How To Write Your Test Cases - Part 3 - Negative Testing (More on fields)

Having looked at testing the alphanumeric attributes of the fields in your application, there are some other small, but important, tests that should be covered.

One of these is to ensure that password fields, regardless of the characters entered, are masked.

This means that each of the characters which comprise the password is shown as another character, usually *, so the password 'mypass1234%' would be shown as '***********', for example. Strictly speaking, this is a Positive Test, and it is something that either works or it doesn't. This means that the Developer has either enabled masking, or they haven't. If they have enabled it, then no amount of different ways of entering characters will disable it - so this is really a test to ensure that it has been done.

Another one is the tab order. Normally, when you enter an application, or a page/window of an application, you will find that the cursor is already placed in the first field that you need to fill.

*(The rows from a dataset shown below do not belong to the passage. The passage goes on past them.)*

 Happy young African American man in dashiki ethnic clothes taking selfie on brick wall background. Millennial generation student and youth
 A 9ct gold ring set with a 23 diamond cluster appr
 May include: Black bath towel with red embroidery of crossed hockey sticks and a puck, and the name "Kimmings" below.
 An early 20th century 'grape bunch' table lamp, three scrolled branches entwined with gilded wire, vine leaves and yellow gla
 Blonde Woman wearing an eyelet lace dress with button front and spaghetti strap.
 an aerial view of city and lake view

However, during development, this is often not the case, so this, of course, is your first test. During the development phase of a project, it is quite common for the cursor to be in another field. Behind the scenes, not visible to you, each of the fields is normally numbered - on opening the page/window, the cursor is placed in field #1. If the first field you need to fill has not been defined to be field #1, then the cursor will not be in it.

When you press the tab key on your keyboard, the cursor moves to field #2, and then to field #3, etc, etc. To start and tab in the correct order, each of the fields needs to be numbered accordingly. You will frequently find that this has not been done - and the usual reason is because it has not been written into the Specifications.

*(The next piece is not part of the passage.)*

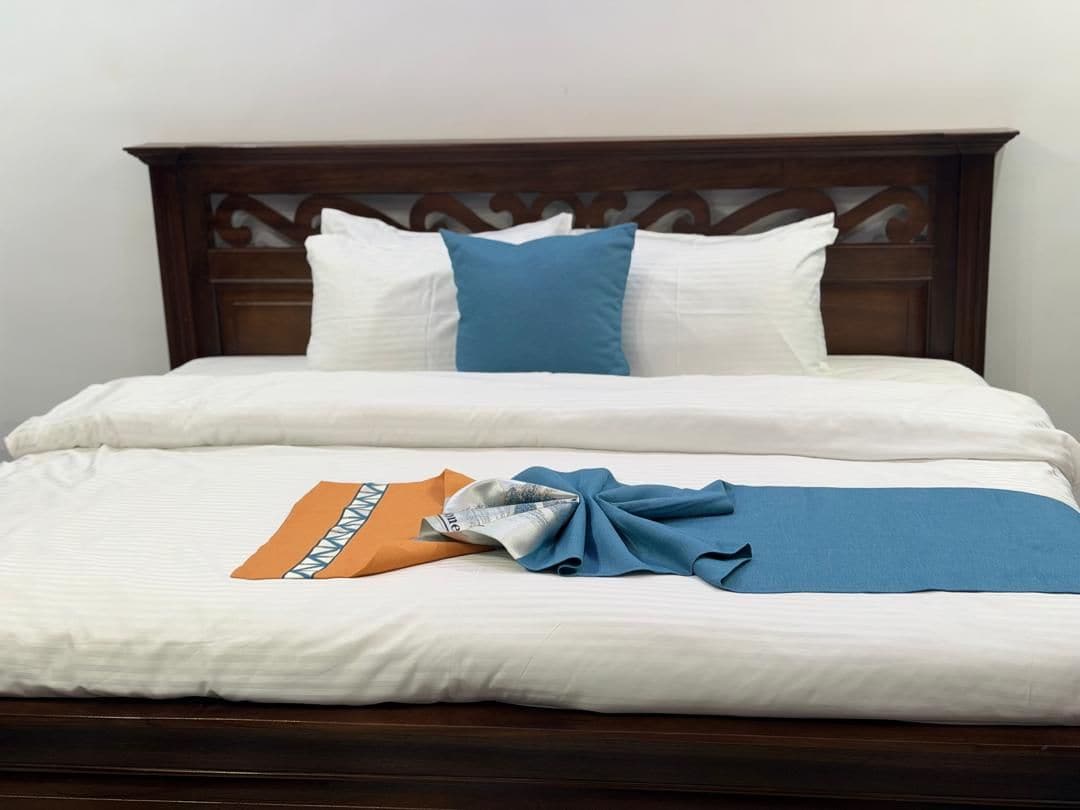 Een net opgemaakt bed met witte lakens, een blauw kussen en een oranje en blauwe deken.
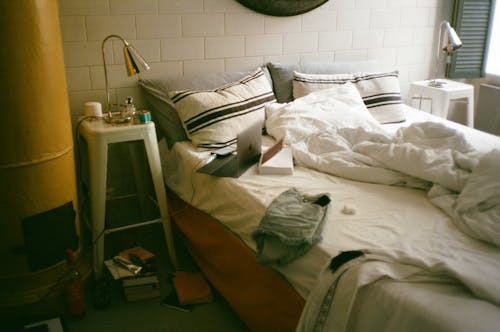 Free An Unkempt Bed in the Morning Stock Photo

This is clearly an issue that could be addressed by you during your review of the Specifications - but if you didn't do so at that time, then now is a good time to raise the question.

If the cursor is jumping around the screen in no logical or coherent order (quite a common scenario), you will not normally find any opposition to numbering the fields logically, even when it is not defined as an application behaviour in the specifications.

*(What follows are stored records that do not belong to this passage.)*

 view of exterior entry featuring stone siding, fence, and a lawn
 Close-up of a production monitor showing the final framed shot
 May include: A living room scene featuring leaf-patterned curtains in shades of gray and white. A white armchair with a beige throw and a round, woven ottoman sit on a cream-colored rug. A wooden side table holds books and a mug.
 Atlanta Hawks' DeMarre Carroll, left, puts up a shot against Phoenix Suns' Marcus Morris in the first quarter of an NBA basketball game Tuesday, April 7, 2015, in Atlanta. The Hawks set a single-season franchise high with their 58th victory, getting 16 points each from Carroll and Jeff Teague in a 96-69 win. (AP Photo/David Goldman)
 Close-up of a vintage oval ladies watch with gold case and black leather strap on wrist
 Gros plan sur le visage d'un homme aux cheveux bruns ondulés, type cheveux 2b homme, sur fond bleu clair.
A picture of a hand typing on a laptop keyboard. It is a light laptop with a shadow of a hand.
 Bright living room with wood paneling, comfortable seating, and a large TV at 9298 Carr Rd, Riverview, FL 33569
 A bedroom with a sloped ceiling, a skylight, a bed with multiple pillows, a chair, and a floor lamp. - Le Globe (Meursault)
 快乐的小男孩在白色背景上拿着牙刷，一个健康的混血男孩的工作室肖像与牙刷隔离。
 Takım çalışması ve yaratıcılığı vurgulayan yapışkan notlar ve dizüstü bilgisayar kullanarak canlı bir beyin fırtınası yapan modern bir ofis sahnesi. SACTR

Copying and Pasting Specifications are often missing a definition of how an application should handle copying and pasting. Tests on this therefore often give rise to a lot of debate. From a Tester's viewpoint, this is good, as it clarifies a vagueness about the way that the application works. For example, you have a Registration Form in which the applicant is asked to enter their email address, and is then asked to confirm their email address by entering it again. The intention of asking someone to enter their email address twice is to ensure that it is correct. If it is mis-typed the first time, then the applicant is unlikely to make the same mistake the second time they enter it. So should it be possible to copy the email address from the first field and paste it into the second field? When you look at it from the point of view of the intention of asking someone to enter details twice, then it is very clear that copying and pasting should not be allowed by the application. But you will still come across the argument that it makes it easier for the user to complete the form! Perhaps you could suggest at this point that it would be even easier to not even have the second field, which of course, leaves open the possibility that the user will mis-type their email address.